In the reply, give back exactly the lines from the one with "Lot of (3) Rolling Chairs with Arms" through the last line of the records, without pictures.

◆ **Entries shown**:
☆ ☆ ☆ ☆
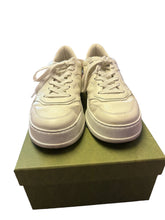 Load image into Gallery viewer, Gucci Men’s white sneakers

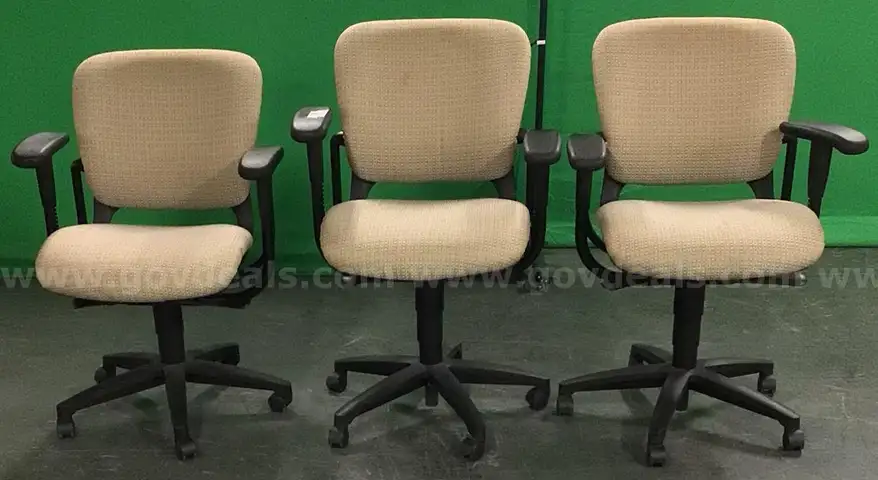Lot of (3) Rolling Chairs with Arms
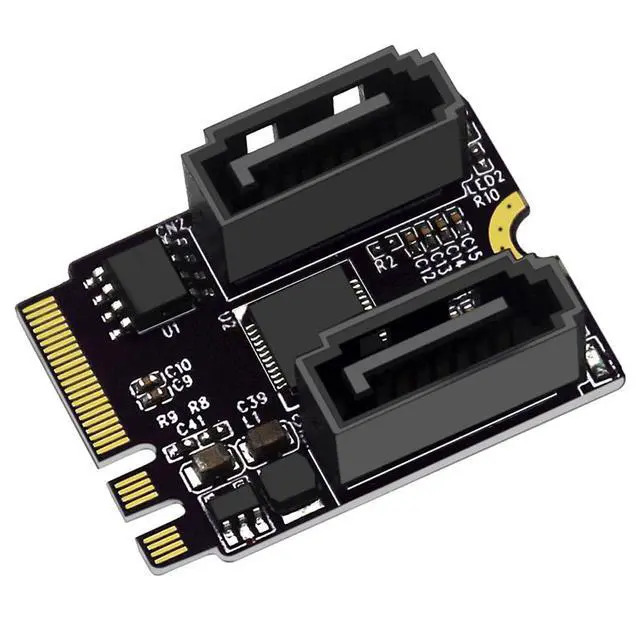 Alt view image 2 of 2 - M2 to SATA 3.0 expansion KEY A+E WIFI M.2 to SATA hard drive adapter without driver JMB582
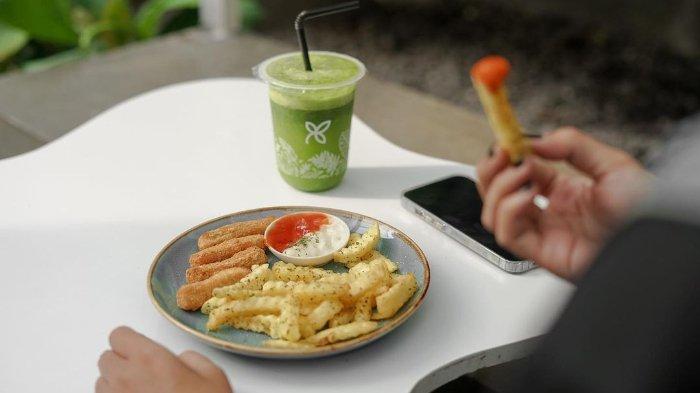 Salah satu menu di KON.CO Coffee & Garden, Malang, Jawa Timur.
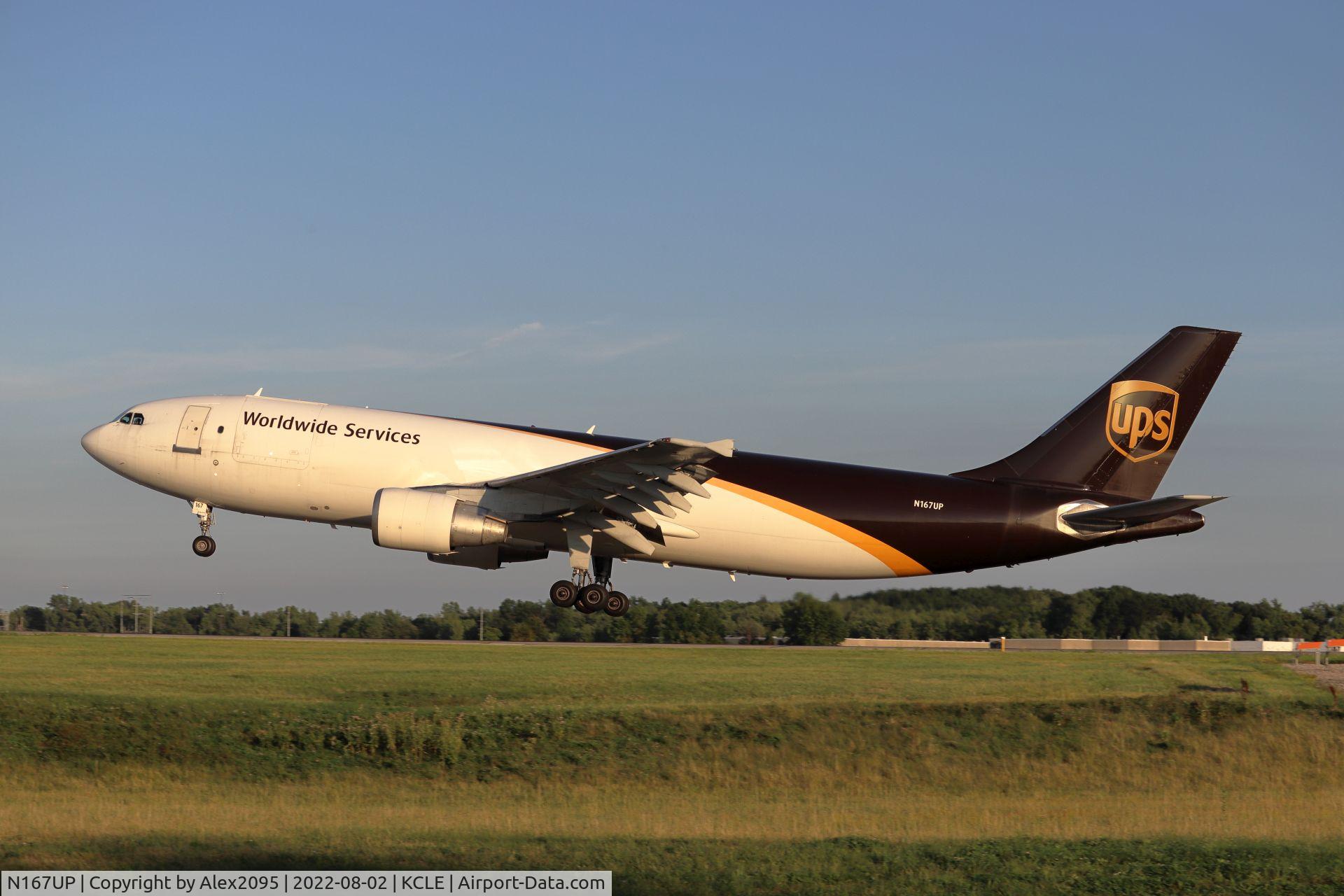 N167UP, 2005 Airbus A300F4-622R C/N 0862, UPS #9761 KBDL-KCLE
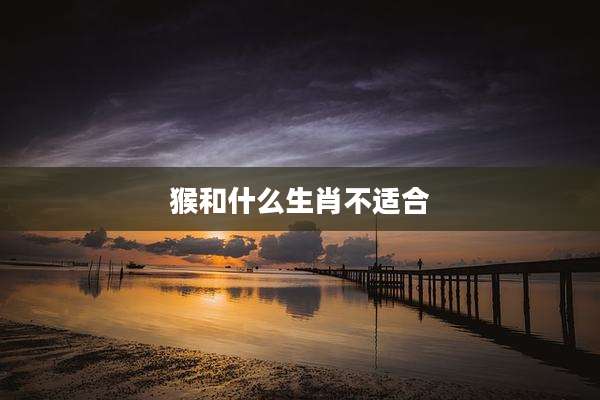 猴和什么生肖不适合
☆ ☆ ☆ ☆
◆ **Solution for this exercise**:
Lot of (3) Rolling Chairs with Arms
 Alt view image 2 of 2 - M2 to SATA 3.0 expansion KEY A+E WIFI M.2 to SATA hard drive adapter without driver JMB582
 Salah satu menu di KON.CO Coffee & Garden, Malang, Jawa Timur.
 N167UP, 2005 Airbus A300F4-622R C/N 0862, UPS #9761 KBDL-KCLE
 猴和什么生肖不适合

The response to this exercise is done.